For each entry, output its words exactly and leave any picture behind.

===== Data for the task

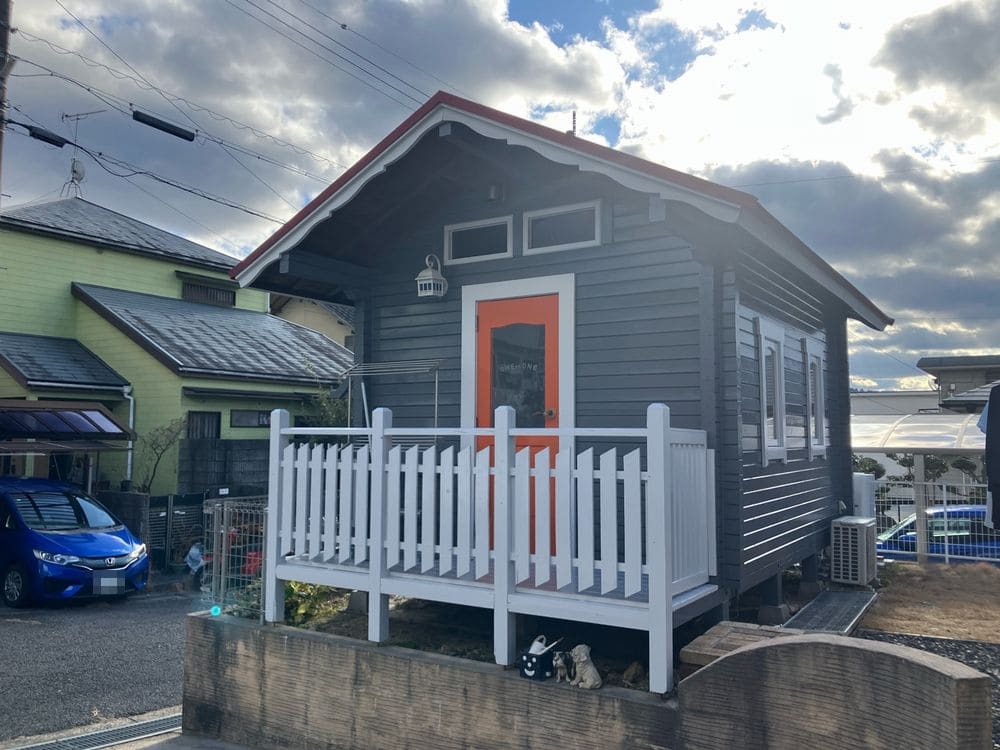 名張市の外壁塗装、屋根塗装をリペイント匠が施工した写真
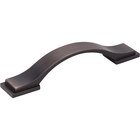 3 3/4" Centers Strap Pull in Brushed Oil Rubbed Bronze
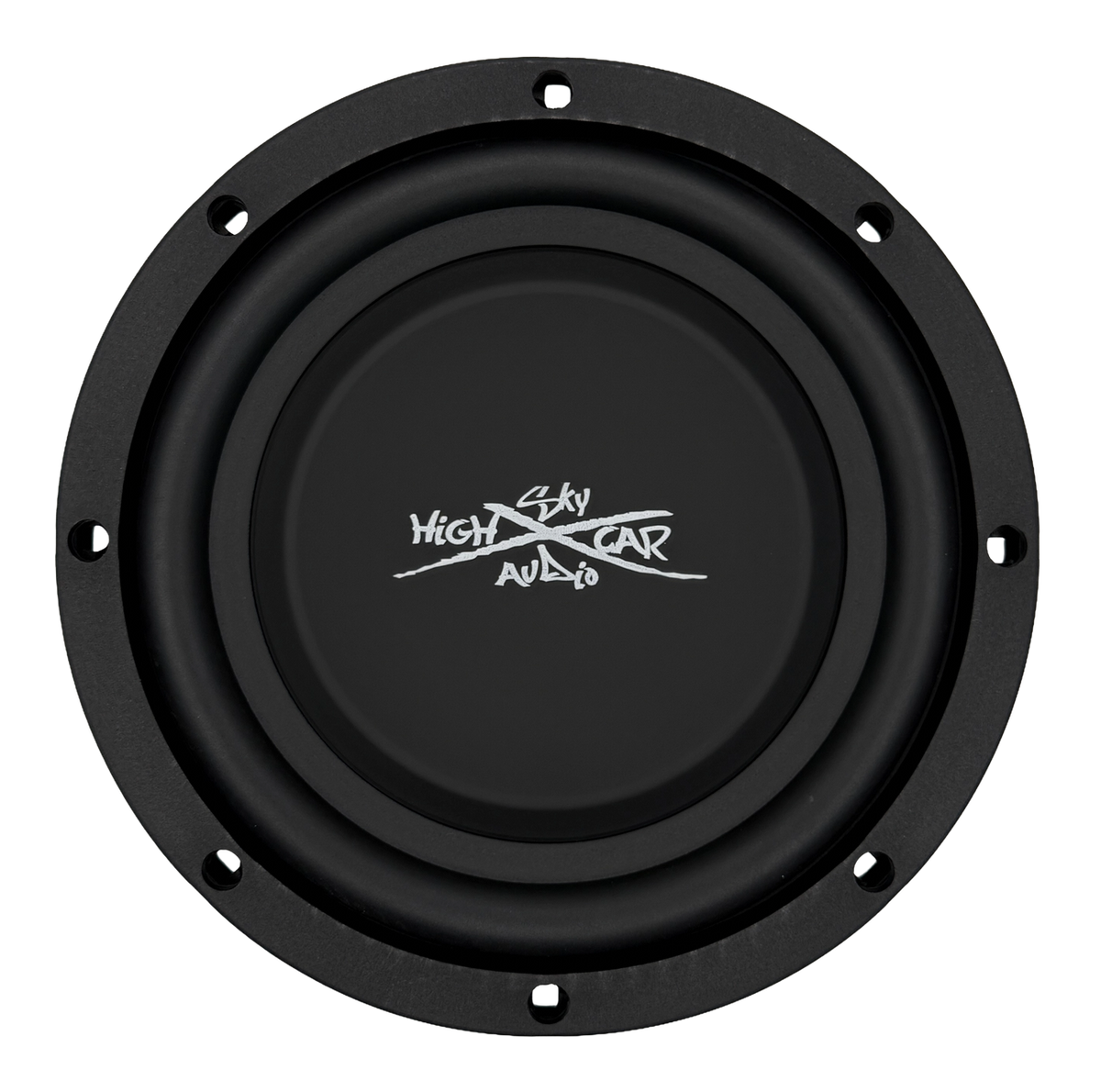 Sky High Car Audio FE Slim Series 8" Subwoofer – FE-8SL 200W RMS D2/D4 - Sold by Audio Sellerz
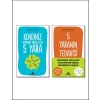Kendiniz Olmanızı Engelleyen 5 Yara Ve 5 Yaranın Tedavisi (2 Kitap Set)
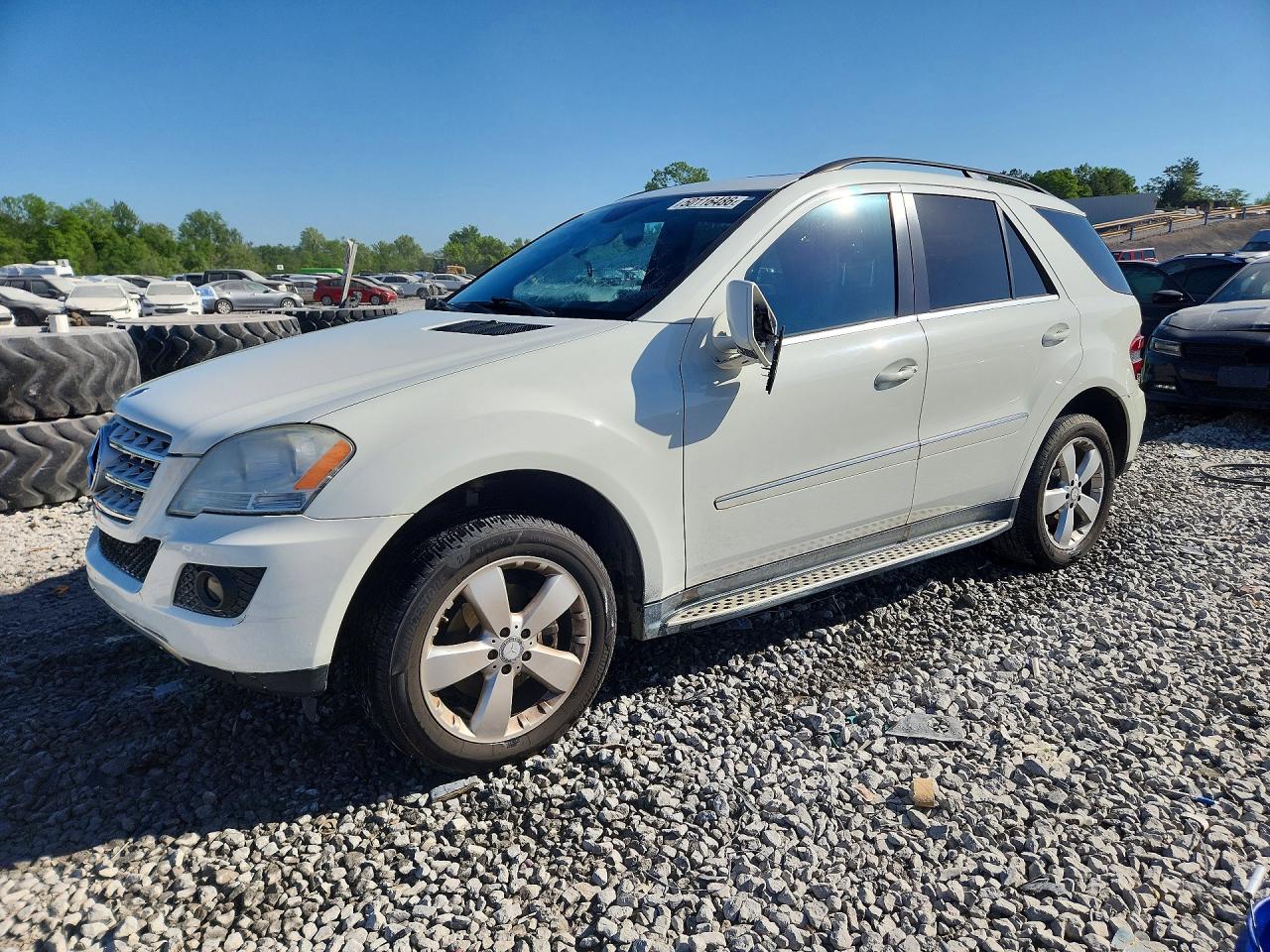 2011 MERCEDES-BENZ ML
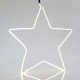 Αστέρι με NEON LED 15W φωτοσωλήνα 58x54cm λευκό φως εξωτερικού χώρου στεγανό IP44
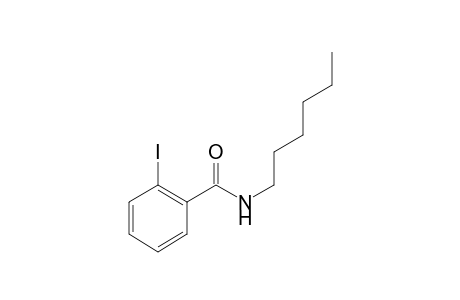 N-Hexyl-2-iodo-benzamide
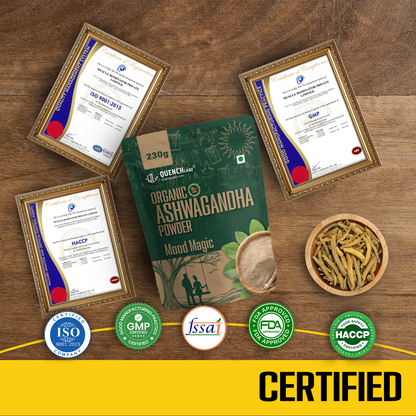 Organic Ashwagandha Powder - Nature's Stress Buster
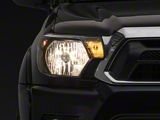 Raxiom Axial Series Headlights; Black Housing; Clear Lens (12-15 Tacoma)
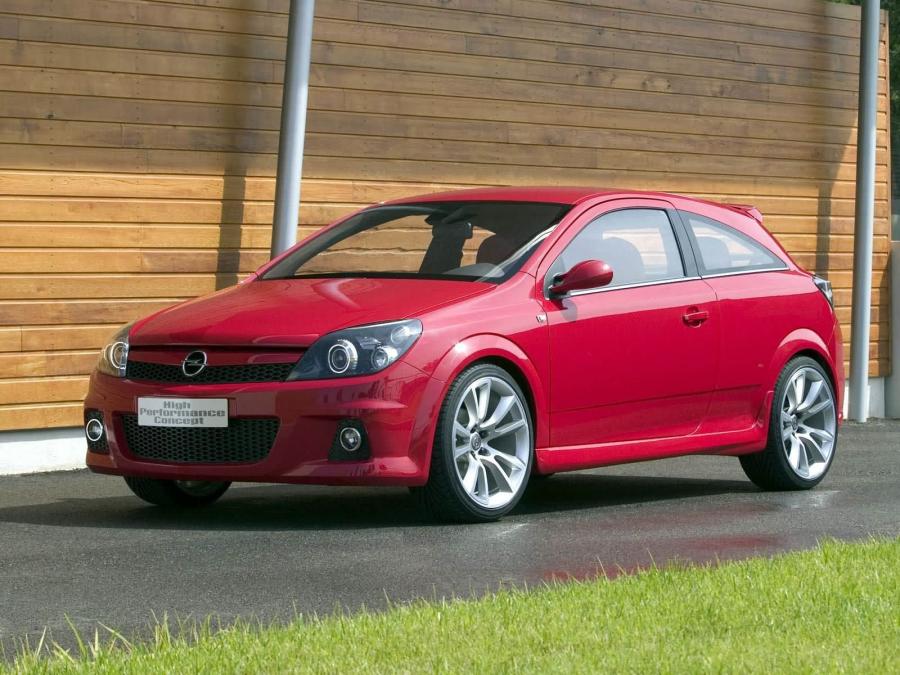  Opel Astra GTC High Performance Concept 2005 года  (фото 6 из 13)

==========

Output for this exercise
 名張市の外壁塗装、屋根塗装をリペイント匠が施工した写真
 3 3/4" Centers Strap Pull in Brushed Oil Rubbed Bronze
 Sky High Car Audio FE Slim Series 8" Subwoofer – FE-8SL 200W RMS D2/D4 - Sold by Audio Sellerz
Kendiniz Olmanızı Engelleyen 5 Yara Ve 5 Yaranın Tedavisi (2 Kitap Set)
 2011 MERCEDES-BENZ ML
 Αστέρι με NEON LED 15W φωτοσωλήνα 58x54cm λευκό φως εξωτερικού χώρου στεγανό IP44
 N-Hexyl-2-iodo-benzamide
 Organic Ashwagandha Powder - Nature's Stress Buster
 Raxiom Axial Series Headlights; Black Housing; Clear Lens (12-15 Tacoma)
  Opel Astra GTC High Performance Concept 2005 года  (фото 6 из 13)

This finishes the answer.